*INPUT DATA*:
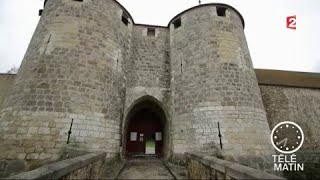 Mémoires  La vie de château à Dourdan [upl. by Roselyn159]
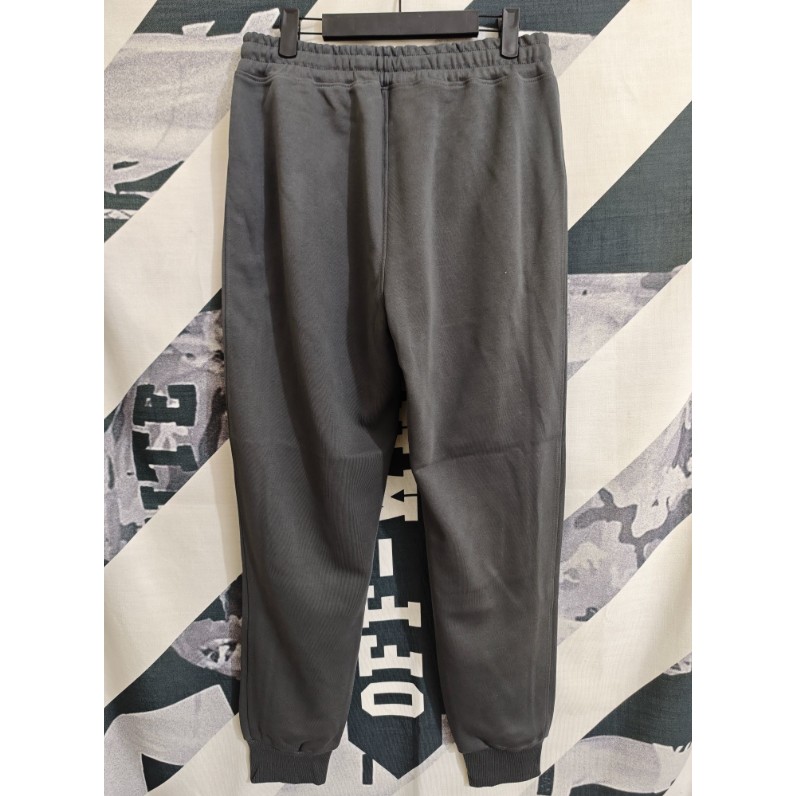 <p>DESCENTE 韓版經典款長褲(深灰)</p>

* * *

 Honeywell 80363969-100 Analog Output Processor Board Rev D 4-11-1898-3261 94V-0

==

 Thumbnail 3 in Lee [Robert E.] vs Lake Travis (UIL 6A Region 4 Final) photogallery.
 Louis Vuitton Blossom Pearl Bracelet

*EXERCISE BRIEF*: Above are the records; return the lines in them from the one with "[upl. by Roselyn159]" to the one with "<p>DESCENTE 韓版經典款長褲(深灰)</p>", inclusive, exactly and without images.

*TASK SOLUTION*:
 Mémoires  La vie de château à Dourdan [upl. by Roselyn159]
 <p>DESCENTE 韓版經典款長褲(深灰)</p>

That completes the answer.